The Waitomo glowworms are advertised as something to behold and so when we arrived we were quite ready to be underwhelmed. However, the caves were really quite extraordinary. A thirty minute walk through low limestone caverns lined with twisted, rippled white rock and interspersed with stalactites dripping lime infused water to the waiting stalagmites below. We then board a small boat and our guide, pulling us along a roped route, leads us into the water filled caves where, above our heads, are literally thousands of flickering lights of the glowworms holding to the cave roofs with their sticky silken threads hanging below. (The lights serve a purpose - flies etc. see the lights and fly towards them, prey then gets stuck on the threads below the light, thread then gets pulled up and the prey is eaten). It's all a bit gruesome but what a thing to see. Eventually we float out of the caves to land at a small jetty where the beginnings of a huge NZ night sky are await us.
For our final night in the van we are camp about 50k from Auckland and I ask that my worthy co pilot Rachel find us a freedom camping location on rugged coastline with dramatic weather. Sure enough we follow a road down to wide black sand beach backed with sandstone cliffs near the town of Waiuku where we park up on a flat sandy area and take a pleasant stroll as the sun sets over the ocean. Rachel likens walking on the beach to walking on diamonds as the glinting crystals of sand reflect the light from this otherwise carpet of black. We get back to the van just as the rain starts to splatter on the ground and no sooner do we shut the door do the heavens open up and we are rocked and battered by a torrential storm all night.
But every day brings something new and as we look out in the gloom of early morning, as the wind and rain still lashes the coastline we see scores of racehorses being exercised on the beach. The jockeys hunkered down as they gallop through the surf. Fabulous. Oh yeah, and a terrified baby seal is seen coming out of the ocean to be greeted by huge fast moving beasts that send him splashing back as quickly as he is able.

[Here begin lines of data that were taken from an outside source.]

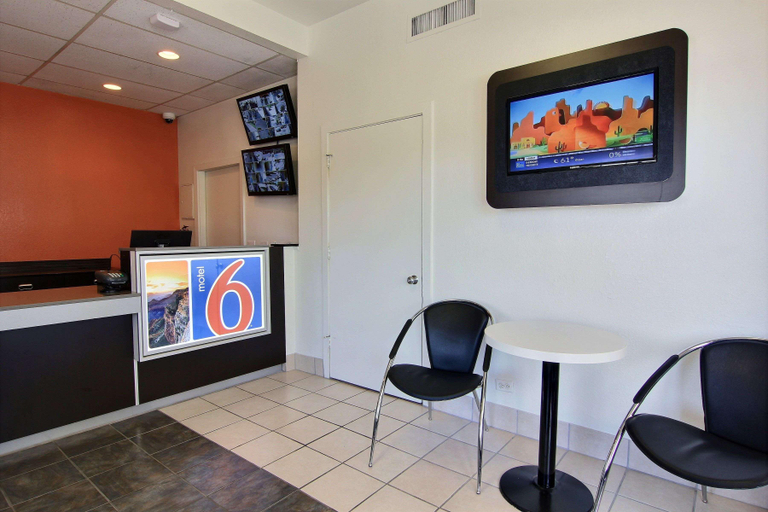 Public Area 2, Motel 6 Austin, TX - Central Downtown UT, Travis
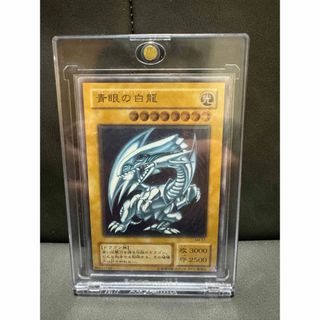 ユウギオウ(遊戯王)の【遊戯王 青眼の白龍 レリーフ SM-51】(Box/デッキ/パック)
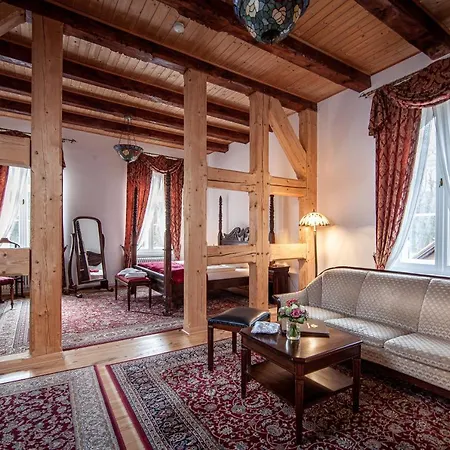 Garni Jagdschloss Mit Fruehstuecksbuffet & Schlosskueche Fuer Selbstversorger Hotel Waldsee (Mecklenburg-Vorpommern)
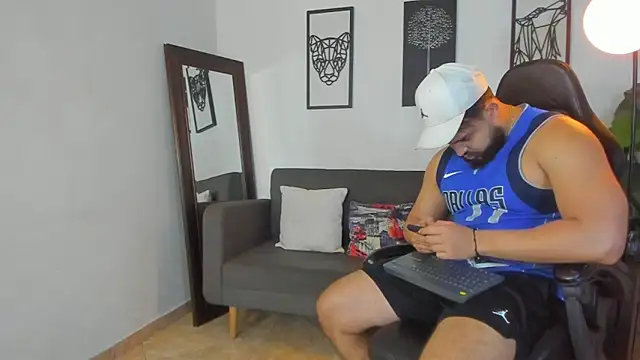 Show modela Justin_kingX7 na web-kameri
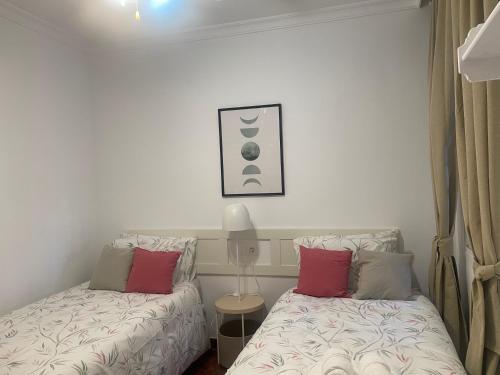 um quarto com duas camas e uma foto na parede em Laguna center em Fuengirola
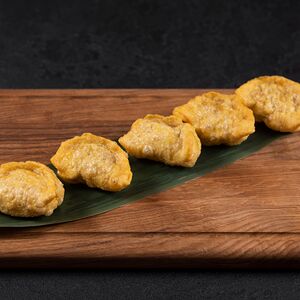 Жареные пельмени со свининой и кимчи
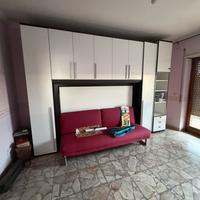Camera con armadio e divano letto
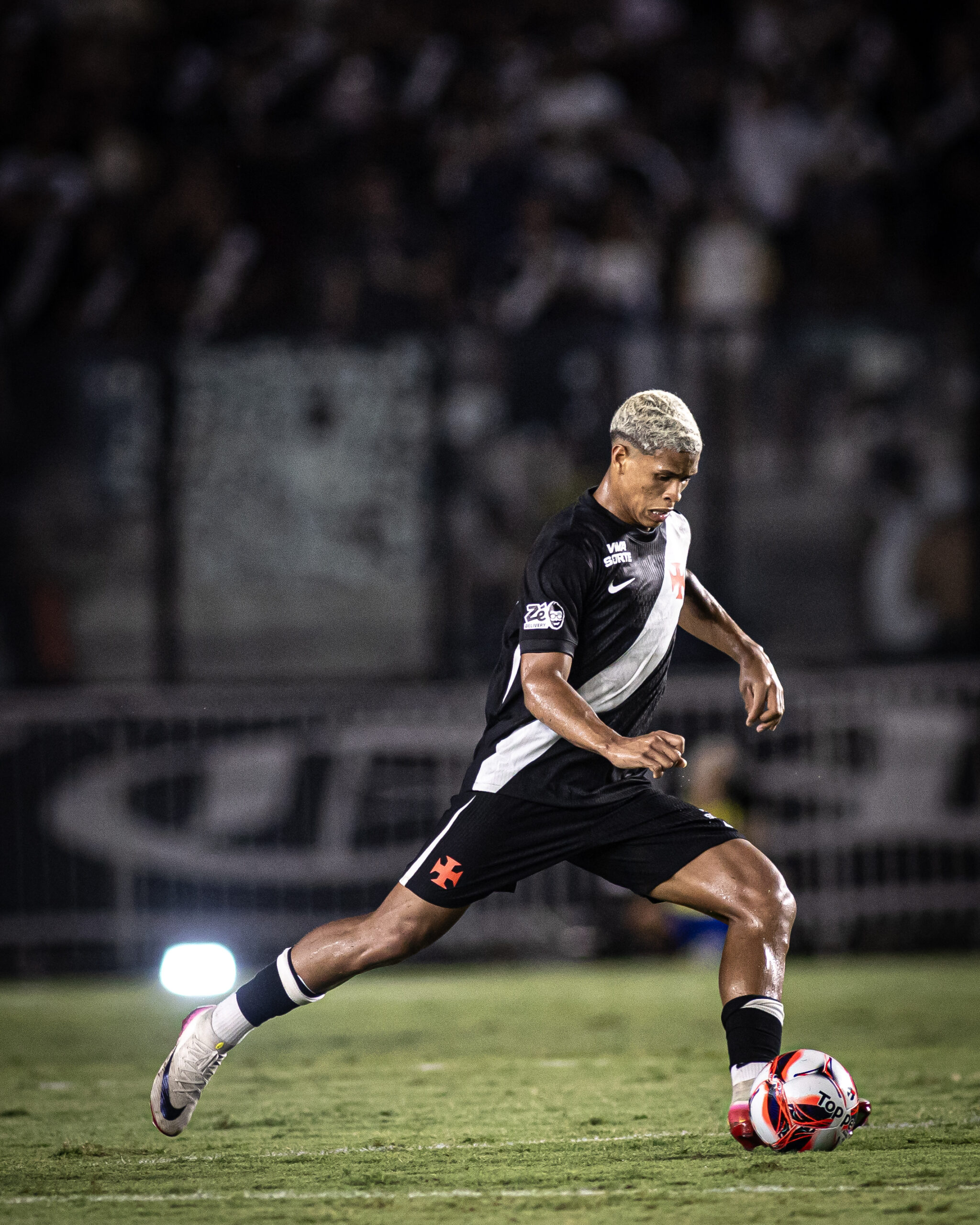 Vasco divulga lista de convocados para enfrentar o Grêmio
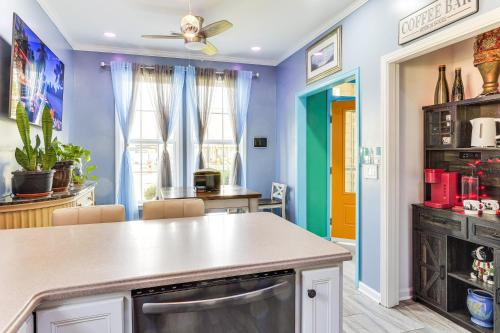 Gambar di galeri bagi Island Vibes Home with Fire Pit in Murfreesboro! di Murfreesboro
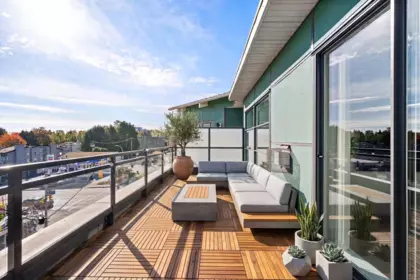406 3255 Smith Avenue, Burnaby, BC, Burnaby — Apartment/Condo for sale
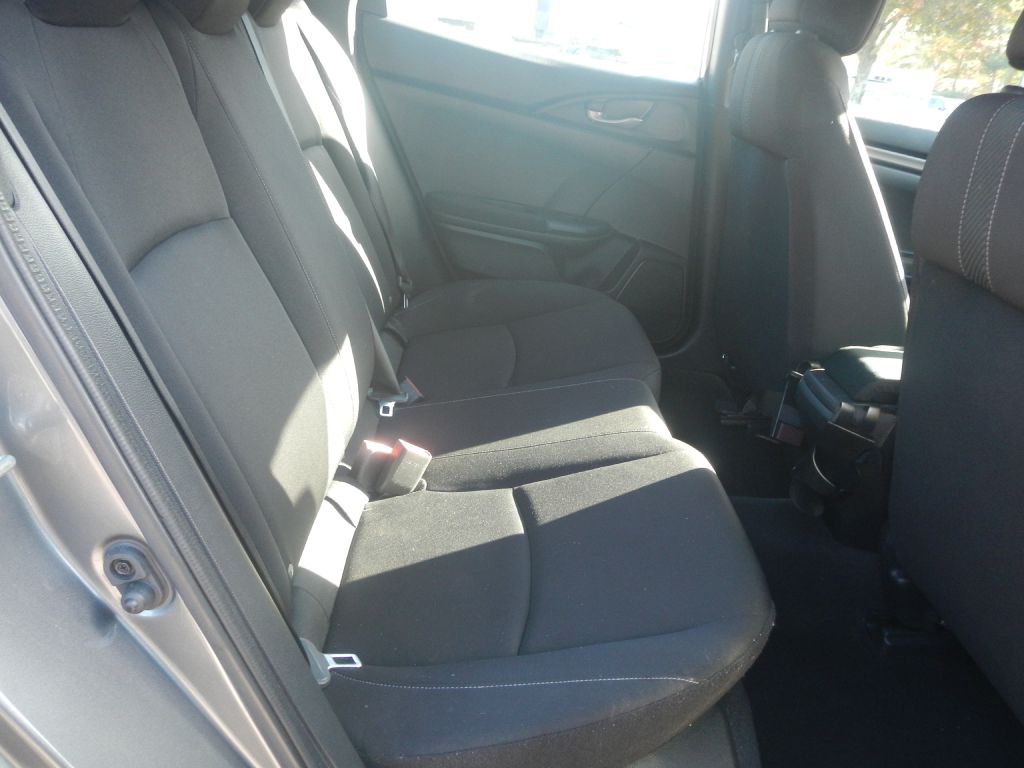 Photo 24 of this HONDA CIVIC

Finally we have reached the end of our two month road trip in New Zealand. It has been an amazing experience and we have seen some stuff. To anyone coming to NZ I would urge you to set out on the roads in this manner rather than limit yourself to towns and daytrips. It is a remarkable country and to immerse yourself in its wildness, even to the limited amount we did, is a fabulous thing. Two months, however, In a very limed space in winter is enough for anyone. Even loved up fools like us who revel in each other’s company feel it is time to move on. We return the van and once again are impressed with how mighty/kea/maui rentals treat us. Refunding money we spent on a gas bottle and waiving the original charges of gas bottles as well because there was not enough to last our journey.
And so here we are at Heather’s house. Slightly jaded after a great dinner party last night with Jen and Heather's friend Lynne which felt like passing time with old friends. We ate a fabulous meal of roast lamb, vegetables with a plum dessert as the wine flowed, taste tests were conducted, dancing and yoga exhibitions were given and laughter prevailed. Today our host gave us a tour of Auckland where we ate at the trendy waterfront, envied huge boats in the bay and took a view from the top of Mount Eden - one of 50's volcanos in and around the city. Brilliant!
So thank you New Zealand for two marvellous months where Rachel and I feel immensely grateful to being alive.